The town of Bologna has given rise to another crime writer, one who brings a journalistic rigour to his fiction. This is Carlo Lucarelli, the most successful and high-profile author of Italian noir, is famous as the star of a TV show where he casts himself as a lead investigator of real crimes. He aims to combine in his writing the best of investigative journalism, history and fiction. Nowhere is this extraordinary methodology more evident than in his researches into a serial killer for his best-selling novel Almost Blue.
“I went to a psychiatrist,” he says, “and told him: ‘suppose that my character were sitting here, his name is Alessio Crotti, he comes from Cadoneghe in the Padua province…’ That place has nothing to do with the serial killer, but I once went there to present a book and got lost… I wanted to punish the place by making it the birthplace of my serial killer. ‘He hears bells ring and kills people. Why?’
“And we carried out a real psychiatric test on a fictional character. The psychiatrist began by asking, ‘Where does he come from?’ ‘Cadoneghe.’ ‘What kind of place is it?’ ‘Who are his parents?’ And this gave life and a voice to my serial killer.”
Sometimes my shadow is darker than other people's. I’ve seen it sometimes when I am walking along the street. It stains the wall alongside me… Sometimes I get scared that someone will notice it but I can’t run away from it because it would follow me. It would spread out, sticky and black, alongside me. That’s why I stay close to the wall.
The reader is inside a psychotic mind. That is more important than in the world we see of some other Italian crime writers, that informs everything. Everything is paranoid, everything is strange, schizophrenic and disturbing. It is the first Italian crime novel (says Maxim Jakubowski) that perfectly integrated the best of English and American hard-boiled noir elements and brought them to life in an Italian context.
Lucarelli also impressively researched Italian history of the Fascist era for Carte Blanche, set in the final months of that regime. He was frustrated by his country’s inability to investigate the Mussolini period. “It is where you find the roots of the many contradictions and problems we have today,” says Lucarelli. “The failure to overcome fascism, what happened after the end of the Second World War, a number of important things…”
He tracked down a former policeman who had served in the Fascist period. “I went to interview a policeman,” he says. “He had been a member of the political police from 1941 to 1981, forty years. I remember how he told me that at the beginning, he was a member of Mussolini’s political police, and he used to arrest anti-fascists and communists.” What shocked Lucarelli was that this Fascist officer had been allowed to continue as a policeman in the post-war Italian democracy.
“You, a Fascist, in the police force? ‘Yes,’ he says, ‘I was a good policeman, there was a need for social order…’ He found himself arresting the fascists who had been his previous employers.”
These interviews would form the basis of the character of Commissioner De Luca in Carte Blanche, who would go on to feature in a further two novels, to form a period crime trilogy. “I felt,” says Lucarelli, “that De Luca with all his contradictions is on the one hand a good person, a policeman, a detective, the man who, in the crime novel, will lead us to the truth. Yet at the same time he is also the instrument of dictatorships and so on. So he is a man full of contradictions who can live through Italian history and tell us about the contradictions of each period. This is why I have kept him alive for three novels and why I am now thinking of a fourth.”

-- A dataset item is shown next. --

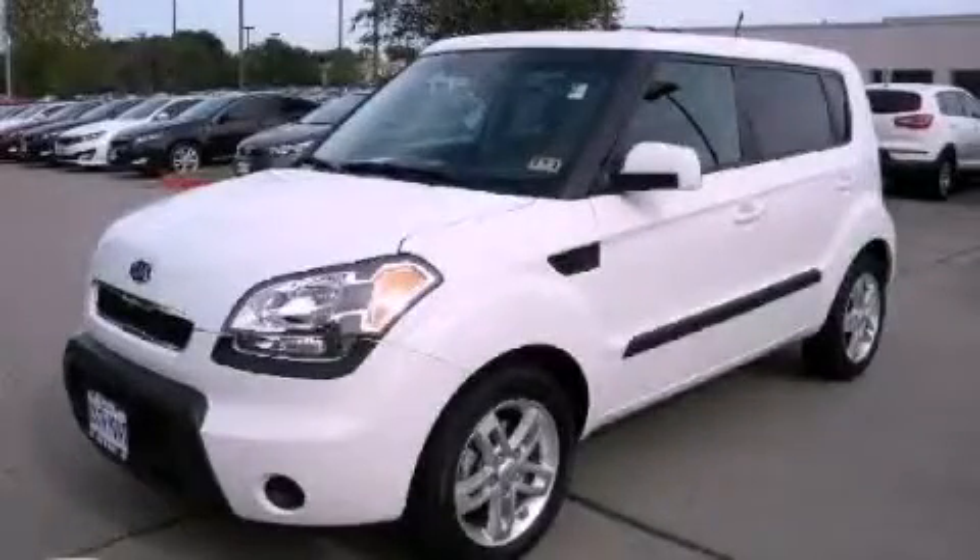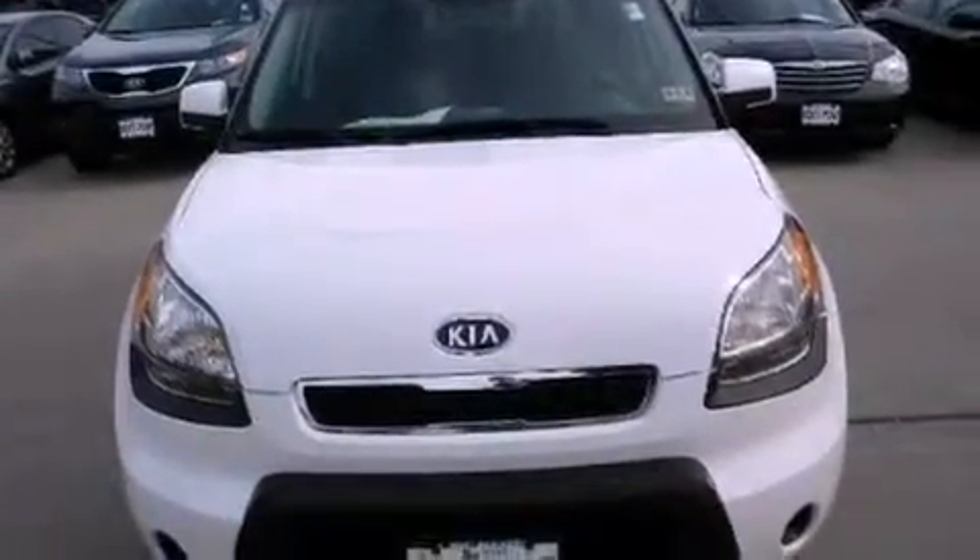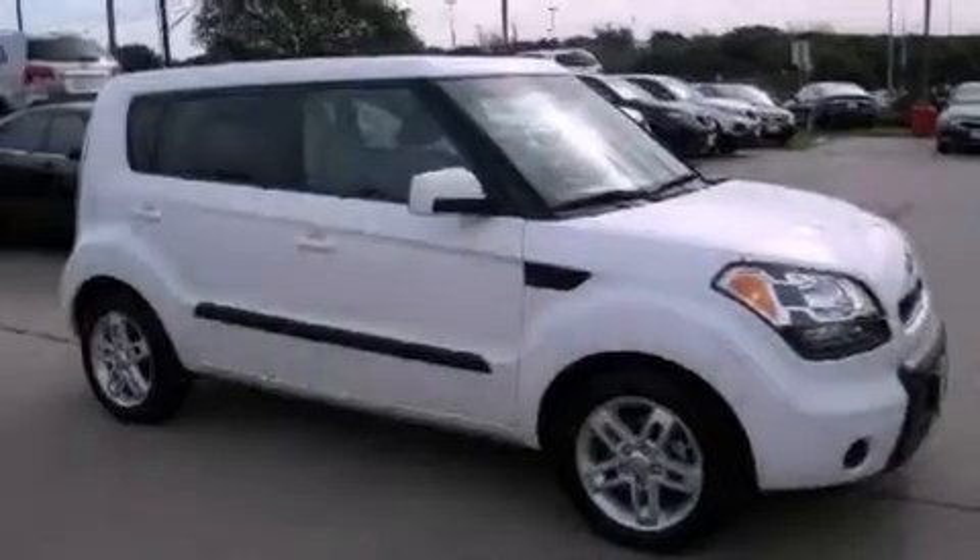This is a 2011 Kia Soul, unconventional shape for unconventional style. It has a 2.0-liter four-cylinder engine and an automatic transmission.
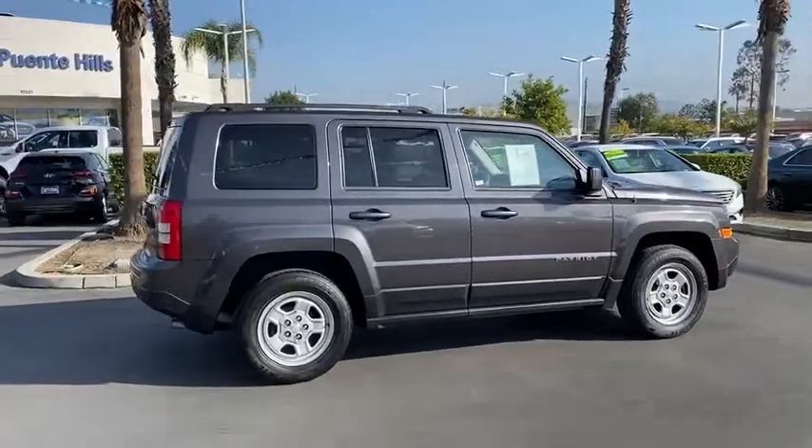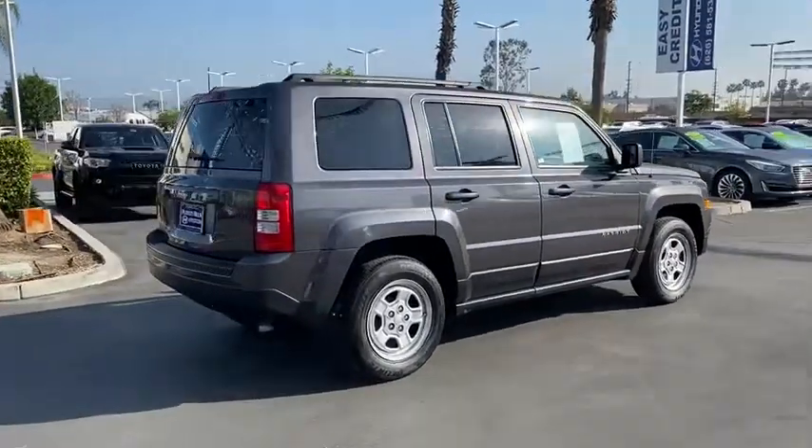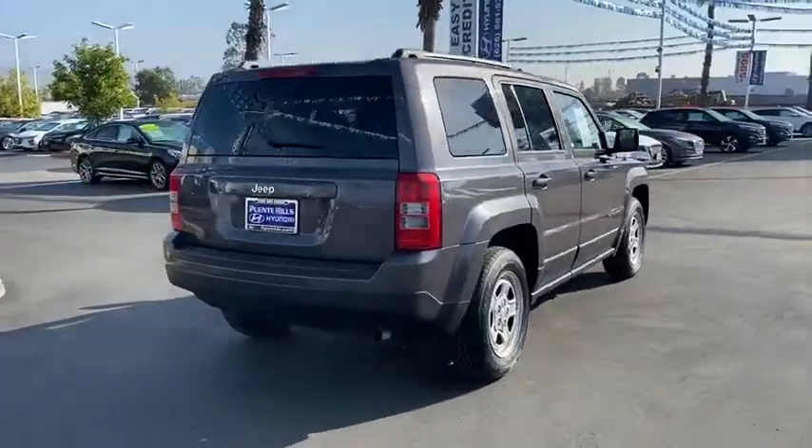The Patriot has plenty of room inside for any size family. This vehicle has less than 65,000 miles.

By tackling Italy’s painful history, and embracing the lack of any certain resolution, Lucarelli can trace his methods back to the roots of Italian noir. He identifies in his fellow writers a shared commitment to write more than just simple crime stories. “We belong to a literary style that prefers to tell a story rather than describe a scene. Our detectives are all characters who see what is happening in society and suffer. They understand that there is nothing they can do about it and this brings a state of despair.”
This is the authentic voice of Italian noir.
[From BBC Four’s Italian Noir – The Story of Italian Crime Fiction.]